Over the next several blog posts, I will discuss various analyses that can be used to identify unusual and potentially fraudulent data from clinical trials. See Buyse at al. for a good summary of clinical trial fraud, including suggestions for statistical methods to help identify unusual data. JMP Clinical 4.1 will include several new analytical processes (APs) to aid statisticians, data managers and monitors in identifying subjects or clinical sites that may require greater scrutiny.
Fraud is difficult to diagnose. Oftentimes, methods to identify problematic values are graphical in nature, where data trends and patterns at a particular clinical site may vary substantially from the remaining sites. These graphs require review, and what qualifies as a “signal” may vary depending on the analyst. Further, while these differences may highlight a potential problem, they can also merely identify sites with important differences in how certain procedures are performed (which, ideally, will be standardized across sites as much as possible), or important differences in the available population of subjects. Worse yet, they can highlight certain deficiencies in the design and data collection of the study itself.

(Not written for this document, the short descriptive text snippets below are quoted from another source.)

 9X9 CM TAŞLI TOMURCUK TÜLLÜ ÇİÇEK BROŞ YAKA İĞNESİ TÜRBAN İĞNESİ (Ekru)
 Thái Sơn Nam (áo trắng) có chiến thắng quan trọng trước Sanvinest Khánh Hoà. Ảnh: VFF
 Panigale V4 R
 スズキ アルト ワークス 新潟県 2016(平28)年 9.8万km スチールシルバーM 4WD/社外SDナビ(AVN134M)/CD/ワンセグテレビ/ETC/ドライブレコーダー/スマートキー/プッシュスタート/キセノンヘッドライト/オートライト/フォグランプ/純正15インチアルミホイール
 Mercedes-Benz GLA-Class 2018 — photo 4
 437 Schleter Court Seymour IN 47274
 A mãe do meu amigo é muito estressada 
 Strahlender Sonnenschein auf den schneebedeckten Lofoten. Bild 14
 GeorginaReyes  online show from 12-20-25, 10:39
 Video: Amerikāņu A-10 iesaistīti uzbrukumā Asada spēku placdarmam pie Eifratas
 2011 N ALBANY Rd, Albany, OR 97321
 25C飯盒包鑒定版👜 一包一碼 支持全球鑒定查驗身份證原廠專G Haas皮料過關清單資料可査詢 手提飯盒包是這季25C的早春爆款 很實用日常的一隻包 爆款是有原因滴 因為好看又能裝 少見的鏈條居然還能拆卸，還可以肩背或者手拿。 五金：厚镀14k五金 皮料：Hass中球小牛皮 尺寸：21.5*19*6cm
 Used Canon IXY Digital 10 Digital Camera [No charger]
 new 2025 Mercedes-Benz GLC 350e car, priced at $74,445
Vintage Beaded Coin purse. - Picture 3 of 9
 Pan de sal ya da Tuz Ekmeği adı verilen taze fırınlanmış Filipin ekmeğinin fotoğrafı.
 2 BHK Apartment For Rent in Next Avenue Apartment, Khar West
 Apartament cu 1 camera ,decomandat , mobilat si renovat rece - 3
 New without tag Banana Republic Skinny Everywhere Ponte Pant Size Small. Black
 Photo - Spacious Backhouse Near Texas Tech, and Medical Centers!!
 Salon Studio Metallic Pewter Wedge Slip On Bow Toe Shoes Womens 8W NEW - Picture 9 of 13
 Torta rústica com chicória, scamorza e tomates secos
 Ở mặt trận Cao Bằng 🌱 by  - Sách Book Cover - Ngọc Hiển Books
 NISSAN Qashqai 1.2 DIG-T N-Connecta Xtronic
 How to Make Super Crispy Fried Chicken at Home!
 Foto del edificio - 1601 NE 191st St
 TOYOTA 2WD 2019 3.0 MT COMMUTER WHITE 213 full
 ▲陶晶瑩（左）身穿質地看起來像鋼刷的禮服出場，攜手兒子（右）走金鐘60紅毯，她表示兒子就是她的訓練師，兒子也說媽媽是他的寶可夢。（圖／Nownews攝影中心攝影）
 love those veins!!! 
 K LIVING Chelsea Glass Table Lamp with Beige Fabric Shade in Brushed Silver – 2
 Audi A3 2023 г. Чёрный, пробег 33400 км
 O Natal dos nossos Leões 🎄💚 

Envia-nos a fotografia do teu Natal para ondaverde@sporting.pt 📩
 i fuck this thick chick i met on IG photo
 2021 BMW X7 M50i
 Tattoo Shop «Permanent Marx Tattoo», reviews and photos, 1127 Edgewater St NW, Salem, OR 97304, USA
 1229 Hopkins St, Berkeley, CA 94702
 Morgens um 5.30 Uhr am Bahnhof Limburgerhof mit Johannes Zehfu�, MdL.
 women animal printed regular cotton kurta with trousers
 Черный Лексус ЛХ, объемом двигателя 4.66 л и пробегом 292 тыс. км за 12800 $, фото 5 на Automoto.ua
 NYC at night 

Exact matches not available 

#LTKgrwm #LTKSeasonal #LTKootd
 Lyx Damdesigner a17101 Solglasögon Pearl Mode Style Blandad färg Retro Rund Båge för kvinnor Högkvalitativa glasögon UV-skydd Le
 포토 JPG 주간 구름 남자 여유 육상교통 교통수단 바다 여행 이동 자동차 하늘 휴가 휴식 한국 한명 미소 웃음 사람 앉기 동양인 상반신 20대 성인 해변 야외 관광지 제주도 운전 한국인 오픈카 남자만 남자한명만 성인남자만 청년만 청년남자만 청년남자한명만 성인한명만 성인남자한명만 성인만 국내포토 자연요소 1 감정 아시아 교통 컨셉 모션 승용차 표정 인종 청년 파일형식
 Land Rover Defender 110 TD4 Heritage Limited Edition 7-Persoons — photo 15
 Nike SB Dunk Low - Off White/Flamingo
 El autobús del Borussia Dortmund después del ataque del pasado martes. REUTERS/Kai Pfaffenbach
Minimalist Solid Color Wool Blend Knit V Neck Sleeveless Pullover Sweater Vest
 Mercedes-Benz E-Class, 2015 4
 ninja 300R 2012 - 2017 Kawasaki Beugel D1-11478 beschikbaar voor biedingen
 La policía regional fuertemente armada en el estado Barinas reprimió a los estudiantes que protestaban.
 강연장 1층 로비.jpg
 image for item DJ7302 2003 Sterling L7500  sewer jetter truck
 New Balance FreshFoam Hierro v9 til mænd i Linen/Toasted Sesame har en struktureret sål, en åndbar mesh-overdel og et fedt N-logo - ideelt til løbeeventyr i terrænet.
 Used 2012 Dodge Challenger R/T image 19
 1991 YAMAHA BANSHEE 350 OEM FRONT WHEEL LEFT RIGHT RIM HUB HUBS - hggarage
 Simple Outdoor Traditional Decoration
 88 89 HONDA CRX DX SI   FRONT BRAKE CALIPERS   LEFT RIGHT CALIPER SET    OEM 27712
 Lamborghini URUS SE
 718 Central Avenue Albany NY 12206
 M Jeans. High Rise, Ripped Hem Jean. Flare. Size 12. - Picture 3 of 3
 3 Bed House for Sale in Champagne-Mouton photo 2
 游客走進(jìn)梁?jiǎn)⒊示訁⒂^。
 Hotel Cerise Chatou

Let’s take a simple example. Patients in clinical trials receive excellent medical care, sometimes with the addition of financial reimbursement. Sometimes the need to maintain this treatment or receive additional financial incentives may cause subjects to re-enroll in the trial at another participating study center. These duplicate-enrolled subjects are problematic. From a statistical perspective, the assumption of independence among study subjects is violated. Not considering this violation has the potential to underestimate the standard error for the effect of treatment. Alternatively, if these errors are identified after the trial has completed enrollment, this can result in a loss of power since a straightforward way to handle duplicated data is to include efficacy data only for the first instance of each subject participating in the trial (resulting in a loss of sample size). Sensitivity analyses may include these duplicated subjects. In any event, the analysis and study reporting becomes much more difficult with the presence of duplicate subjects.
How is it possible to identify subjects that have participated more than once? Straightforward ways of identifying potential re-enrollers include matching subject IDs by birth date or initials. See Figure 1. This output is from the Birthdays and Initials AP using data from Nicardipine. Subjects are matched either by birth date, with options to allow for windows around a birth date (in case dates are entered into the database incorrectly); or by initials accounting for the possibility that a previously reported middle initial may go unreported at another site. Here, differing sex and race within a match can quickly identify pairs that do not require further attention. If available, JMP Clinical will also summarize ethnicity, height and weight in this table.
For example, the first two rows representing 15Apr1915 are likely not the same subject since the gender is different. However, the pair for 28Jul1928 (rows 7 and 8) may require some review. Finally, review the pair of subjects in the last two rows for 18Oct1956. They match on gender and race and are participating at the same site! Reviewing additional data from the DM/ADSL may provide additional clarity by using the Show Subjects drill down. A worse case is that a duplicate CRF was submitted for this subject (possibly just a sloppy error). Another possibility is that twins have enrolled at this site!
As we’ve seen above, identifying matches based on birth dates and initials does have the potential to identify false positives. The famous Birthday Problem states that with 57 people, there is a 99% chance of having at least one pair of subjects with a matching birth date. However, summarizing additional demographic and vital sign characteristics should quickly identify and eliminate these cases.